人間の一番記憶力のいい時に覚えさせる、児童の心に大事なことを教えていくと、その意味は後々に分かってくるわけです。そうした日本の歴史、伝統も大事にしていかなければならないのではないか、と思うのです。
(11月15日)

画・茨木 祥之

受け継がれてきた命を愛する

私たちの命は父母を通して、ご先祖さまとつながっています。そのことを二宮尊徳翁(おう)が歌にしています。

「父母(ちちはは)もその父母もわが身なり われを愛せよわれを敬(けい)せよ」

このわが身は父、母から授かったものですけれども、それは、そのまた父、母である祖父母、曾祖父母、ご先祖さま、そうした方々から頂いているものです。私たちの命はご先祖さまのおかげさまで、今あるわけです。

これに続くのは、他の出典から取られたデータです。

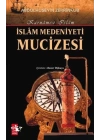 İslam Medeniyeti Mucizesi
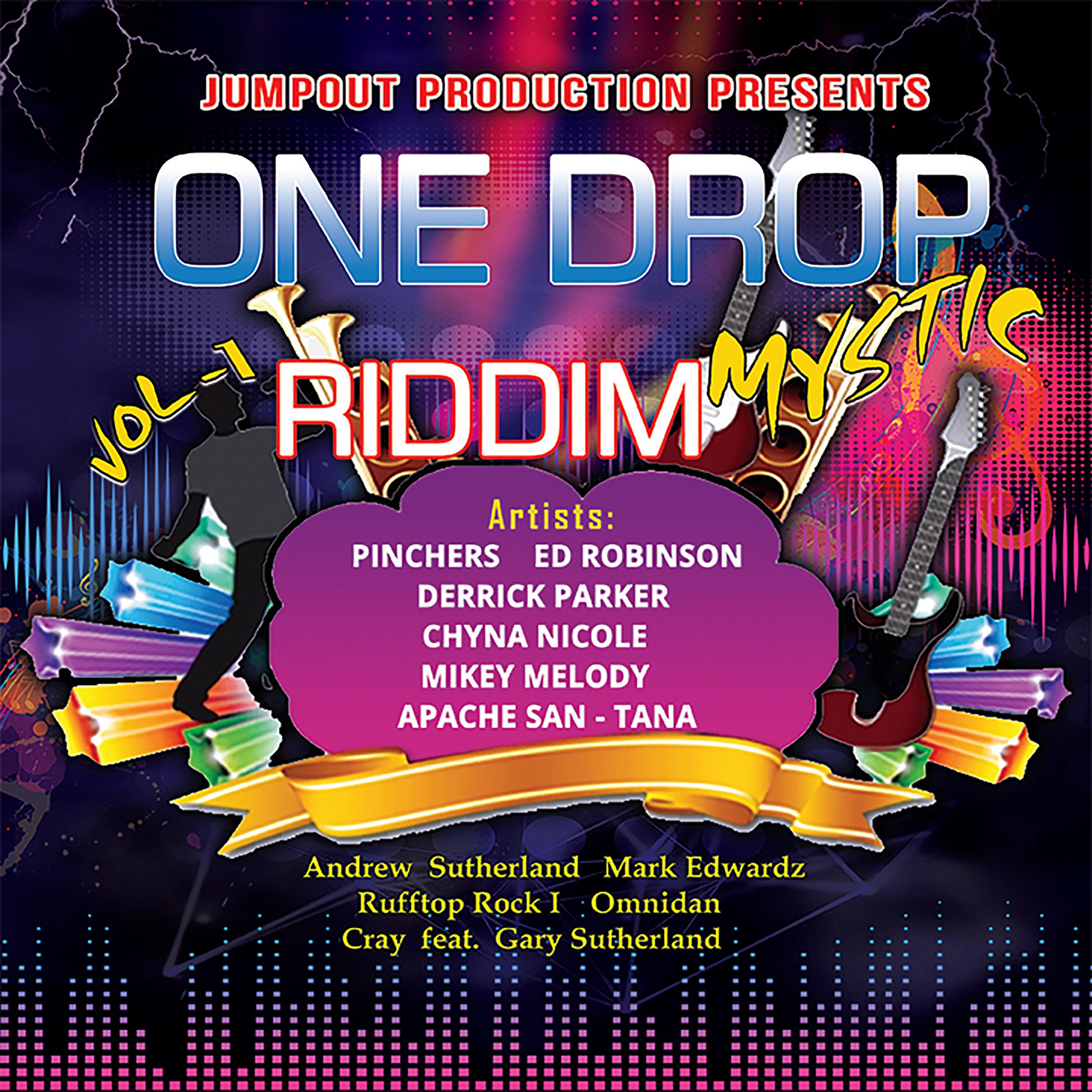 Jumpout Production Presents One Drop Mystic Riddim -Volume 1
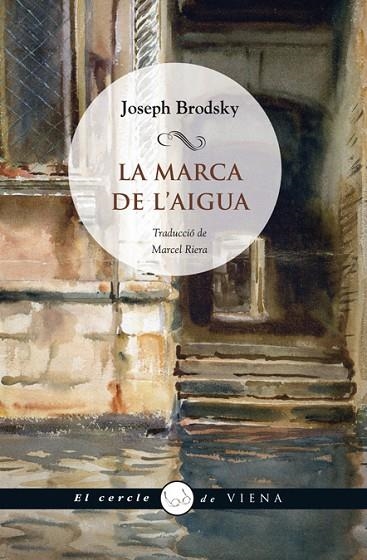 LA MARCA DE L'AIGUA | 9788483306000 | BRODSKY, JOSEPH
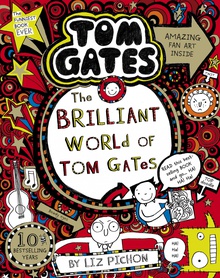 Tom Gates 1: The brilliant world ol Tom Gates
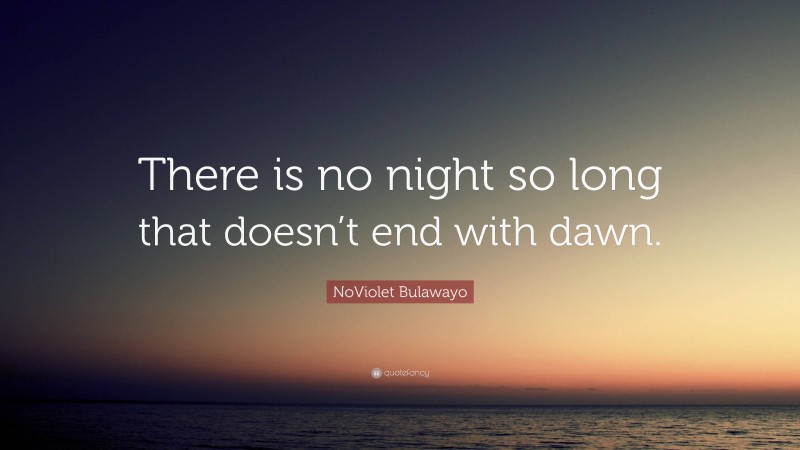 NoViolet Bulawayo Quote: “There is no night so long that doesn’t end with dawn.”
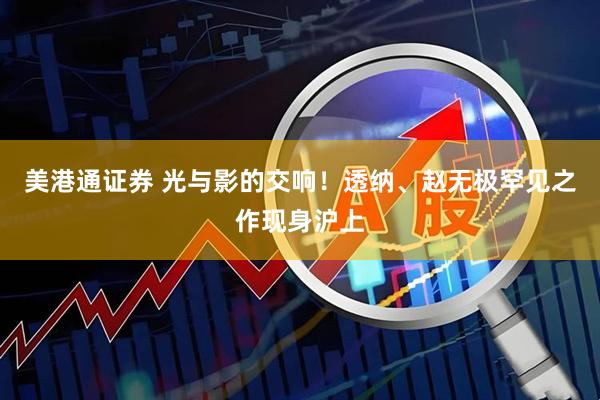 美港通证券 光与影的交响！透纳、赵无极罕见之作现身沪上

もちろん私たちは父も母も愛し、尊敬してきたわけでありますが、ご先祖さまの血が流れている自分も愛せよ、自分も敬いなさい、慎み深くしなさいということが、この二宮尊徳翁の歌の中に込められています。大変有り難い歌ですから、こうしたことも学んで、しっかりとした心を持ちたいと思います。
(11月15日)

当たり前ではない、この世界

金子みすゞという有名な詩人の方は、「わたしは不思議でたまらない」と、いつも物事を、不思議だ、不思議だと言っておられます。そうした詩をたくさん残された人です。

「黒い雲から降る雨が銀に光っていることが」「たれ(誰)もいじらぬ夕顔が一人でパラリと開くのが」

夕顔が開くのは、何げない日常のことです。それは当たり前と言えば当たり前ですけれども、そうしたことを不思議だと言って、詩をつくられました。

雨の色も、花が開くさまも、そう珍しくはない。私たちは、それは当たり前じゃないか、自然じゃないかと見てしまうわけですが、詩人の心と申しましょうか、そうした真理を感じる人から見れば、そうではなくて、世の中のことは本当に不思議でたまらないと、そういう気がするのだと思います。

「わたしは不思議でたまらない、たれに聞いても笑ってて、あたりまえだということが」

当たり前のことが、実はとても不思議。私たちは、そうした詩人の精神、心を学びながら精進していきたいものです。